Os conhecimentos nos dão meios para viver. A sabedoria nos dá razões para viver. Quem não muda sua maneira adulta de ver e sentir e não se torna criança, jamais será sábio.
“Hoje é tudo o que temos: morangos à beira do abismo, alegria sem razões. A possibilidade da esperança”.
(Em “Sobre o otimismo e a esperança” – Concerto para corpo e alma. Página 160 – Editora Papirus – Campinas – São Paulo, 2012).
Gosto de tomates. Resolvi plantar uns tomateiros lá em Pocinhas do Rio Verde (MG). Amadureceu o primeiro tomate, todo vermelho, com exceção de um pontinho preto na casca. Nem liguei para o ponto preto. Colhi o tomate e me preparei para comê-lo. Dei a primeira dentada e cuspi. O que havia dentro dele era um verme branco, grande, enrugado, gordo por haver comido toda a polpa do tomate.

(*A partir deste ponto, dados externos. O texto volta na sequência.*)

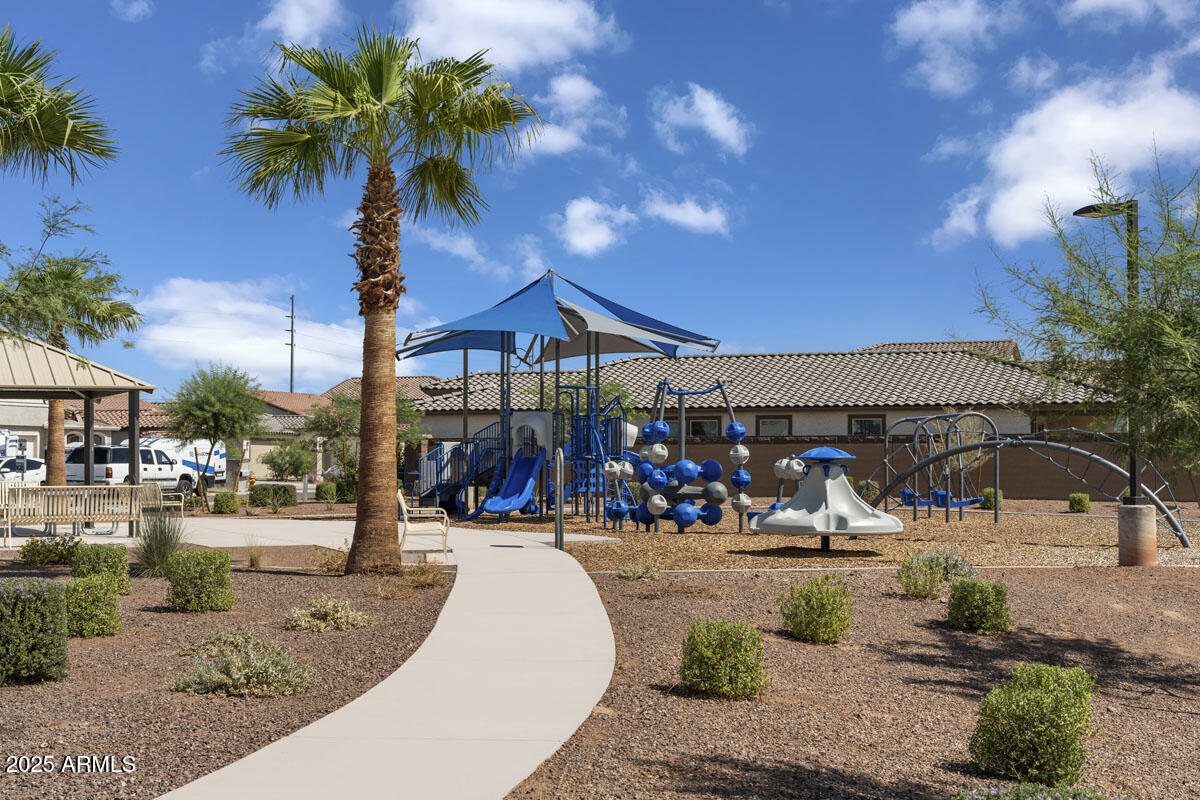 18244 W TOHONO Drive
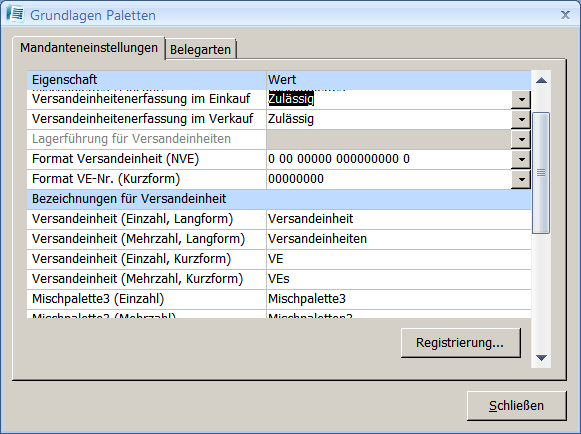  Grundlagen Paletten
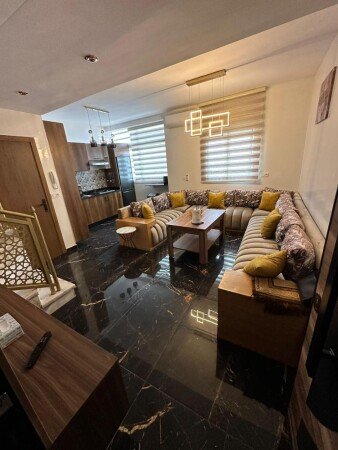 Appartement 2 chambres, avec climatisation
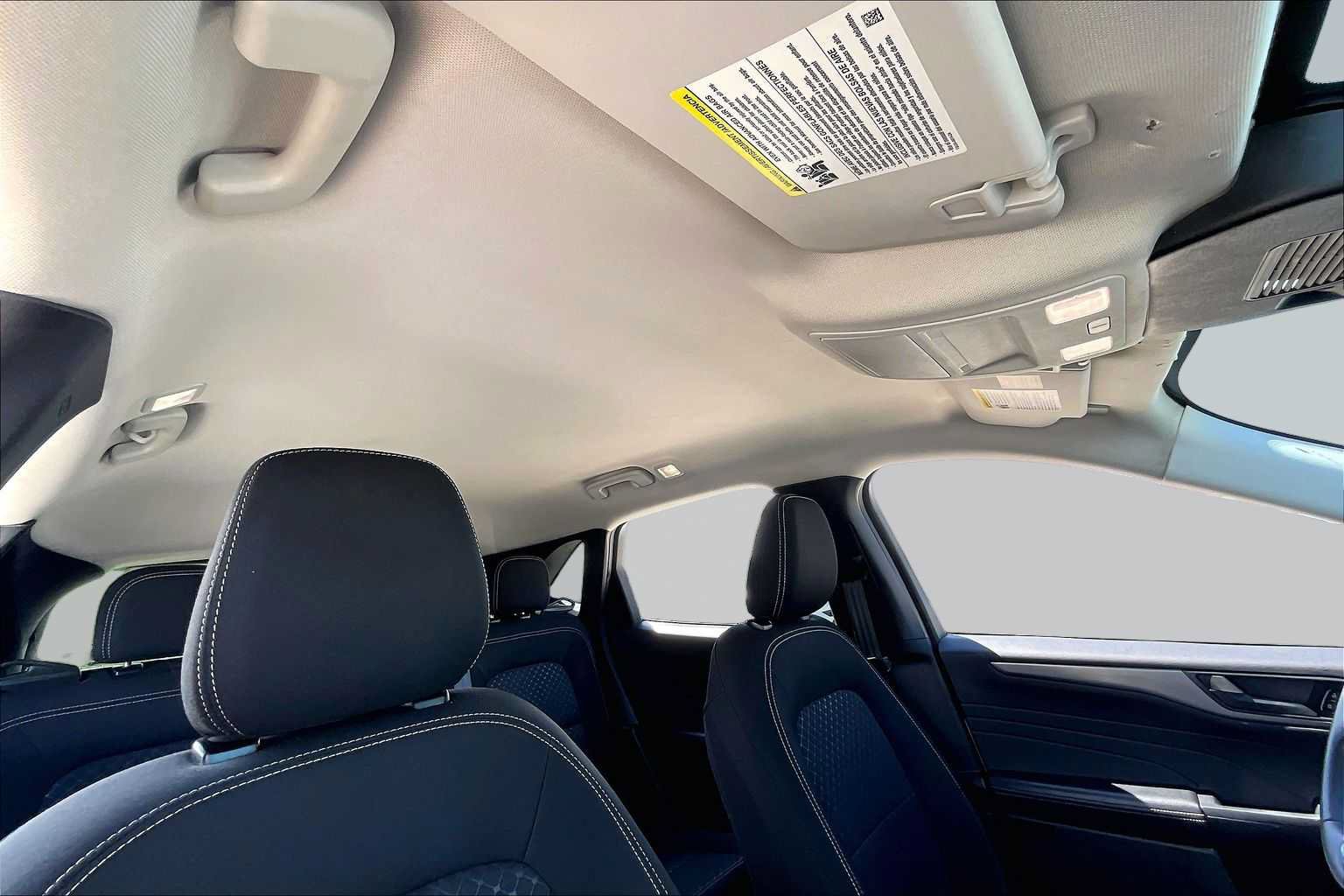 Used 2023 Ford Escape Active w/ Tech Pack #1 FWD image 13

Foi essa a imagem que me veio à memória quando me preparava para falar sobre o mais terrível de todos os demônios. Ninguém suspeita. Ele vai comendo por dentro as coisas boas que crescem no nosso quintal. Eu sempre digo: demônios fazem ninhos no corpo. Cada um tem sua preferência. Neste caso a que me refiro, o demônio faz seu ninho nos olhos. E ele não gosta de coisas ruins e feias. Como o verme, ele prefere os tomates. Gosta de coisas bonitas. E o resultado é que, quando uma coisa bonita que cresce no nosso quintal (note bem: o demônio só faz sua obra no nosso quintal) é tocada pelo olho onde mora o verme ela imediatamente murcha, apodrece, cai. E aí vêm as moscas.
O demônio que se aloja nos olhos se chama inveja. Inveja vem do latim invidere que, segundo o dicionário Webster, quer dizer "olhar pelos cantos dos olhos". Inveja não olha de frente. Quem olha de frente tem prazer no que vê. Quem olha de lado olha com olho mau.

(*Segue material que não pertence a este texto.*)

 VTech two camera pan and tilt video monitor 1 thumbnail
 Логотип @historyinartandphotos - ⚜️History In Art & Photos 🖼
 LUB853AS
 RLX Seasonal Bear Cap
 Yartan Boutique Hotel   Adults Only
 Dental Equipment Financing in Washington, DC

Olho mau, olho gordo: muita gente tem medo desse olhar. Não precisa. O verme da inveja nunca faz nada com os tomates da horta alheia. Ele só como os tomates da horta da gente.
Explico. Fernando Pessoa diz que a inveja "dá movimento aos olhos". Olho de inveja não olha numa direção só. Lembre-se do que eu disse: que o olho onde se aninha o verme da inveja só gosta de ver coisas bonitas. Então é assim que acontece. Eu tenho um belo tomate crescendo no meu quintal. É certo que não há vermes dentro dele. Vai dar uma deliciosa salada. Mas antes, vou mostrar o meu tomate para meu vizinho... Um pouco de exibicionismo faz bem para o ego. Mas aí eu olho para o quintal do vizinho. Ele também cultiva tomates. Vejo o tomate que cresce no tomateiro dele. Lindo! Vermelhíssimo, mais bonito que o meu. É nesta hora que o verme entra no meu olho. Meus olhos se movimentam. Voltam-se para o meu tomate que era minha alegria e orgulho. Já não é mais. Vejo-o agora mirrado, pequeno murcho. E ele corresponde: apodrece repentinamente e cai... Perdi o prazer da minha salada.
Esse movimento dos olhos é a maldição da comparação. Quando eu comparo o meu 'bom-bom-mesmo-mais-que-suficiente-para-me-fazer-feliz" com o "bom" maior do outro, fico infeliz. E o que antes me dava felicidade passa a me dar infelicidade. Com a comparação tem início a infelicidade humana. Isso acontece com tudo. Comparo minha casa, meu carro, minhas roupas, meu corpo, minha inteligência e até mesmo meu filho.
Frequentemente os filhos são vítimas no jogo de inveja dos seus pais. Aquele meu filho, que é a minha alegria, delícia de criança, com um jeitinho só dele e que me encanta... Mas o filho do vizinho tira notas mais altas que o meu, é campeão de natação, é mais forte, mais alto e não é gordinho... Então, meu olho se movimenta e o verme se aninha. E se dá o mesmo com meu tomate: apodrece.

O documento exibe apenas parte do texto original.